Strong wind last week unsettles the nerves of Great Southern farmers and their recently seeded paddocks

Headshot of Shannon Smith
Shannon SmithGreat Southern Herald
Barley emerges in Badgebup after the wind event last week.
Camera IconBarley emerges in Badgebup after the wind event last week. Credit: Moojepin Merinos

Strong winds last Wednesday unnerved farmers across the region as recently seeded crops and bare paddocks were blown away.

There was some rain relief after the winds, but Jerramungup farmer Paul Barrett said they needed the rain before the wind event to settle their paddocks.

“We had a bit of damage, I think everyone has,” he said.
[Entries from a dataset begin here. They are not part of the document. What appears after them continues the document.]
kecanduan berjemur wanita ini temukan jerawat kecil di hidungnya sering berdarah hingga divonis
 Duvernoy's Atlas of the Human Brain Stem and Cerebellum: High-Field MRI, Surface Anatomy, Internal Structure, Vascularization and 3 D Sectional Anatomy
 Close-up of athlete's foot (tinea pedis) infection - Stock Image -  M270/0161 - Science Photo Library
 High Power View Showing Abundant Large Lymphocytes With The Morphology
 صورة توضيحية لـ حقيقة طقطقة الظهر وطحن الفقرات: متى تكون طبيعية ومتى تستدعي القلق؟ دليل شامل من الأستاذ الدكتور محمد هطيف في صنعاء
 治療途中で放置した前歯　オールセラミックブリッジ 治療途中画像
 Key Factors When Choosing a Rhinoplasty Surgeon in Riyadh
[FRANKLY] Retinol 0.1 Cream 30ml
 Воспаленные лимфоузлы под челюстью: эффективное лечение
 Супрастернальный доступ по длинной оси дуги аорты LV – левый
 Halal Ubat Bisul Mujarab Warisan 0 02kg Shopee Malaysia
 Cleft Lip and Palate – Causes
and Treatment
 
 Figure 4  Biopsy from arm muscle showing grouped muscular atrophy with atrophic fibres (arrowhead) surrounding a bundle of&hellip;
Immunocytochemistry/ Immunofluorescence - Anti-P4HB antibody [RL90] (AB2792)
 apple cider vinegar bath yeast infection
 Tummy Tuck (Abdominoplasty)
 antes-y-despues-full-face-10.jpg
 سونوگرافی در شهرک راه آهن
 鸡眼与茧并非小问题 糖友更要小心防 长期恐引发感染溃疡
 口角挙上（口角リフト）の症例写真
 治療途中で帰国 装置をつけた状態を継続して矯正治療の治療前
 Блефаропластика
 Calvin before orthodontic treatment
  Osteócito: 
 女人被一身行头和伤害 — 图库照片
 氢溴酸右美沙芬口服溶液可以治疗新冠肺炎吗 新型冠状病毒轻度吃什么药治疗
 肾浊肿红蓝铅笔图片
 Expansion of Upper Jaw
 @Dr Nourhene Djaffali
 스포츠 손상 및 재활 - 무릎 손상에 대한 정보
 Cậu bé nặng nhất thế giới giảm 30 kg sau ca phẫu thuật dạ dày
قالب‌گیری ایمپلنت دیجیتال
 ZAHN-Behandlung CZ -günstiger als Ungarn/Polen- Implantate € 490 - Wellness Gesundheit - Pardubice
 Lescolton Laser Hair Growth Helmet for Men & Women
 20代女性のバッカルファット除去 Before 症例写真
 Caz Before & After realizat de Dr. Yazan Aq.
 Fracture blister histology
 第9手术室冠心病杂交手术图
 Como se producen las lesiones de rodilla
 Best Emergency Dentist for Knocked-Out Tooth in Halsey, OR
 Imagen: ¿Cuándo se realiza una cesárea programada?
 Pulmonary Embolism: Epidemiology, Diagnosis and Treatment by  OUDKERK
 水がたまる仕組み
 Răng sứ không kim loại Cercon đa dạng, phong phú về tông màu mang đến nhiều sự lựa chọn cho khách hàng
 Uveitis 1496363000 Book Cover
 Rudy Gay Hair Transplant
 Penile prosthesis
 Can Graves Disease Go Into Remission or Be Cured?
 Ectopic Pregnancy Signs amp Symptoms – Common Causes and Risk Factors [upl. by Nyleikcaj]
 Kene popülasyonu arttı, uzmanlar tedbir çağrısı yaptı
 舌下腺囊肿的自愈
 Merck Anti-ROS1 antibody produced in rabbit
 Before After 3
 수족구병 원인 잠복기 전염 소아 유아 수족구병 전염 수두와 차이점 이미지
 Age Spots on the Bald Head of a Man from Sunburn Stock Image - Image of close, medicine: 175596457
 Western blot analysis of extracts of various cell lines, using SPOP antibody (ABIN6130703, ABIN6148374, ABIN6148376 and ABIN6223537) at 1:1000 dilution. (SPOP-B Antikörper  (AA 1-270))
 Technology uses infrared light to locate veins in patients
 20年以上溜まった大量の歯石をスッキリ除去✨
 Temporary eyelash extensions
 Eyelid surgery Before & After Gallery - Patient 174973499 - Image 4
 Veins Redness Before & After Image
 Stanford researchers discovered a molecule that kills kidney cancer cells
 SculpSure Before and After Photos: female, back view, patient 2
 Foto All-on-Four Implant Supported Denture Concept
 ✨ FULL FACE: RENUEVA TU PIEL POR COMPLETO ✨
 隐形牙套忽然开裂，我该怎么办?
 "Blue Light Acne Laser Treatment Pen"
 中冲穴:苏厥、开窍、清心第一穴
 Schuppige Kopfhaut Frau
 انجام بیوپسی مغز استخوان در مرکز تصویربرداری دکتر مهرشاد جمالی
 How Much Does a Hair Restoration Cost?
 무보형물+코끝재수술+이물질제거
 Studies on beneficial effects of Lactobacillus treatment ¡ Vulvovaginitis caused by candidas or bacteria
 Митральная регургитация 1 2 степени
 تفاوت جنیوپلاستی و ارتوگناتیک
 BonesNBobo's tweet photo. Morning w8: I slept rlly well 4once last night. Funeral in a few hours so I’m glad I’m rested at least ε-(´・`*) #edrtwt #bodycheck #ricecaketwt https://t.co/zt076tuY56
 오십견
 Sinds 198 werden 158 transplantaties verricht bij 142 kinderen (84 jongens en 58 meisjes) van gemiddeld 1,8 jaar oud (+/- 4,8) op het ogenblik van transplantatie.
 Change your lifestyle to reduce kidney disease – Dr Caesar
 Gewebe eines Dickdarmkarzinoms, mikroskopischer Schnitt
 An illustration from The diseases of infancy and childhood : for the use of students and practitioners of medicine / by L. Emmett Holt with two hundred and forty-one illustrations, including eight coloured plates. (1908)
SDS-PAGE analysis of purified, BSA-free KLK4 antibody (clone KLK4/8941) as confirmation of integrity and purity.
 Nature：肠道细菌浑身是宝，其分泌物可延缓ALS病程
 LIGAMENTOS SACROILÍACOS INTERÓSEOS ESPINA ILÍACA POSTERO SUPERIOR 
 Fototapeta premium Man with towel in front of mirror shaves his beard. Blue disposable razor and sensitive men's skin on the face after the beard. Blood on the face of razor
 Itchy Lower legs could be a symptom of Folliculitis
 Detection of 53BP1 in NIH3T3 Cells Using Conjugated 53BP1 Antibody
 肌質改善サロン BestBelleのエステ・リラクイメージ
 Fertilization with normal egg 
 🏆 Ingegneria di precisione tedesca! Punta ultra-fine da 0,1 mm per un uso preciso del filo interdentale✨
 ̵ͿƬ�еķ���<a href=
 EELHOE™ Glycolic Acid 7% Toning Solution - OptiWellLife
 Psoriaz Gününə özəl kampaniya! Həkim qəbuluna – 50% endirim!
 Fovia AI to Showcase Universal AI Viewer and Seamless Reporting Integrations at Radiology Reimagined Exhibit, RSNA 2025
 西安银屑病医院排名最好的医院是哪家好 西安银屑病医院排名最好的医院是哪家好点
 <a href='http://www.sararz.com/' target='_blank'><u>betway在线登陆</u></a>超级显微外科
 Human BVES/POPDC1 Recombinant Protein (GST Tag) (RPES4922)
“I think it was a combination of it being warm, clear and windy and that was the perfect recipe for it. And of course we are very extraordinarily dry.

“We had a little bit of rain after. I would have liked to see some before the wind of course but we ended up with about 12ml to 7ml which is better than nothing.”

Farming in a water deficient area, he finished seeding on June 3 and most of his crops had germinated.

He has received little rain since then.

Mr Barrett said while it was not as bad as the 2018 wind events, there was still a lot of damage around the region.

“The wind takes the top soil off and it bruises the crop,” he said.

“Last week a lot of the fine soil got going in the wind, but in 2018 the bigger dirt got going too.

“There was dust everywhere during last week’s storm. I couldn’t see, at one stage, 100m in front of me.

Like many in the Great Southern, Mr Barrett is desperate for good rainfall to put water in his dams.

He has been carting water for stock since mid-March.

“We are not in trouble yet but if it continues for another month or so we could get into a bit of trouble then,” he said.

“If we don’t get a lot of winter rain to run a lot of water then we rely on our summer rain to run our water and we didn’t get any of that for the third year in a row and that’s why we have been caught out.

“Generally speaking us guys on the south coast, this is unusual for us, especially for three years in a row.”